The altitude of a circular cylinder is increased six times and the base area is decreased one-ninth of its value. The factor by which the lateral surface of the cylinder increases, is
Options
- \[\frac{2}{3}\]
- \[\frac{1}{2}\]
- \[\frac{3}{2}\]
2
Solution
\[\text{ Let the original radius of the base of cylinder = r } \]
\[\text{ Let the original height of cylinder = h } \]
\[ \text{ Now, original base area of the cylinder,} S = \pi r^2 \]
\[\text{ Now, original LSA of cylinder, } A = 2\pi rh . . . . . . . . . . . . \left( 1 \right)\]
\[\text{ When the altitude is increased to 6 times of its initial value and base area is decreased one - ninth of its initial value: } \]
\[\text{ Let the new height of the cylinder } = h'\]

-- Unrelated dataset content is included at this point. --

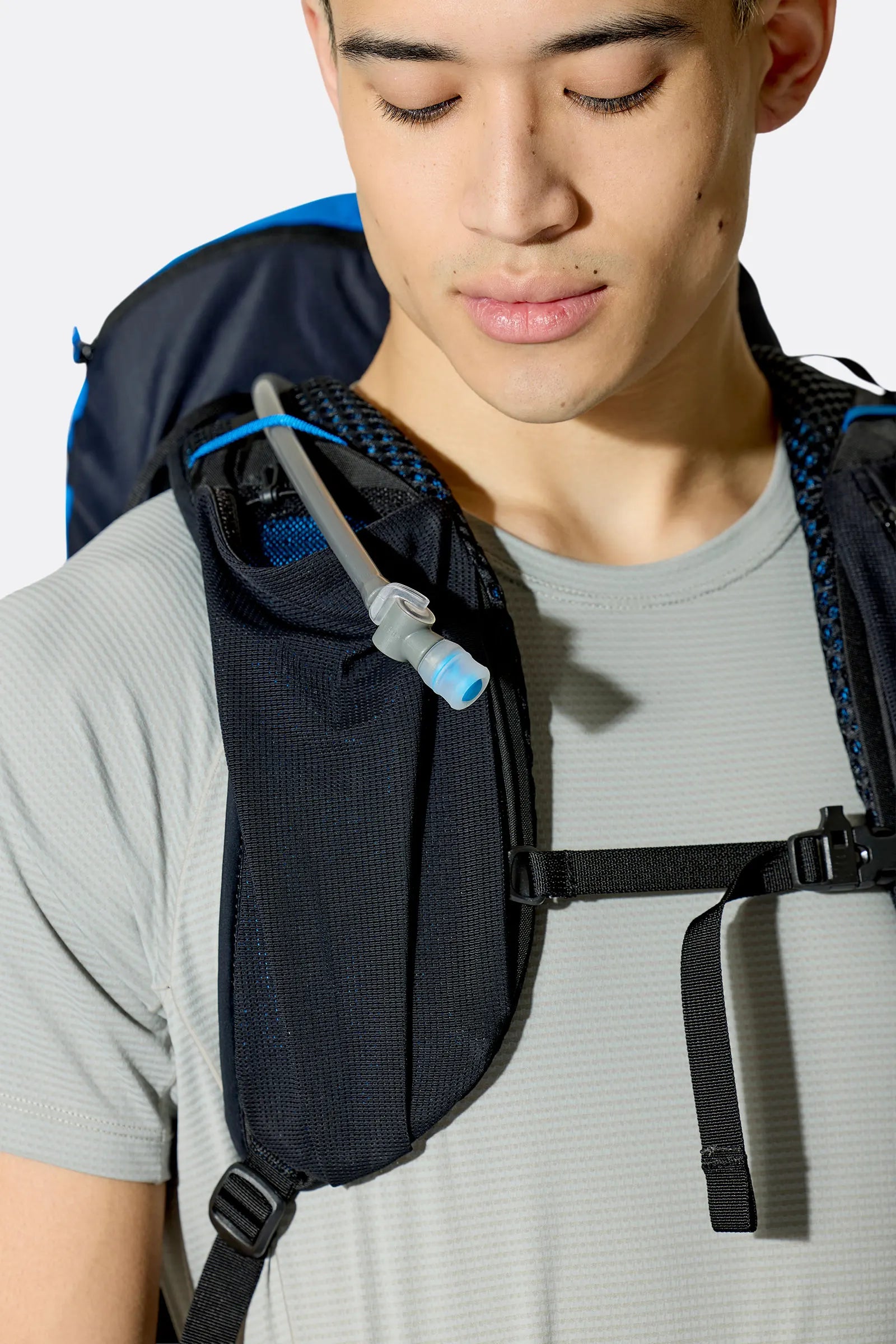 Rab Airox 30 Day Pack in Maya Blue/Black - Front View On Model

\[\text{ Let the new radius of base of cylinder } = r'\]
\[\text{ Now, new base area of cylinder, } S' = \pi \left( r' \right)^2 \]

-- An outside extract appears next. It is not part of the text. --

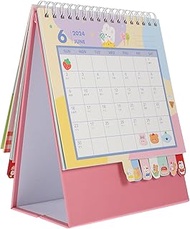 NOLITOY Small Desk Calendar 2024 Standing Flip Calendar Cute Desktop Calendar Planner Stand Up Calendar 2023-2024 for Easy Planning in Office Home and School B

\[\text{ Now, it is given that, } \]
\[\text{ new height of cylinder } = 6 \times \text{ original height of cylinder } \]
\[ \Rightarrow h' = 6h\]
\[\text{ Also, new base area of cylinder } = \frac{1}{9}\left( \text{ original base area of the cylinder } \right)\]
\[ \Rightarrow S' = \frac{1}{9}S\]
\[ \Rightarrow \pi \left( r' \right)^2 = \frac{1}{9}\left( \pi r^2 \right)\]
\[ \Rightarrow \left( r' \right)^2 = \left( \frac{r}{3} \right)^2 \]
\[ \Rightarrow r' = \frac{r}{3}\]
\[\text{ Now, new LSA of cylinder } , A' = 2\pi r'h'\]
\[ \Rightarrow A' = 2\pi \times \left( \frac{r}{3} \right) \times \left( 6h \right) = 2 \times \left( 2\pi rh \right)\]
\[ \Rightarrow A' = 2 A \left[ \text{ Using } \left( 1 \right) \right]\]
\[\text{ Hence, lateral surface area of the cylinder becomes twice of the original } . \]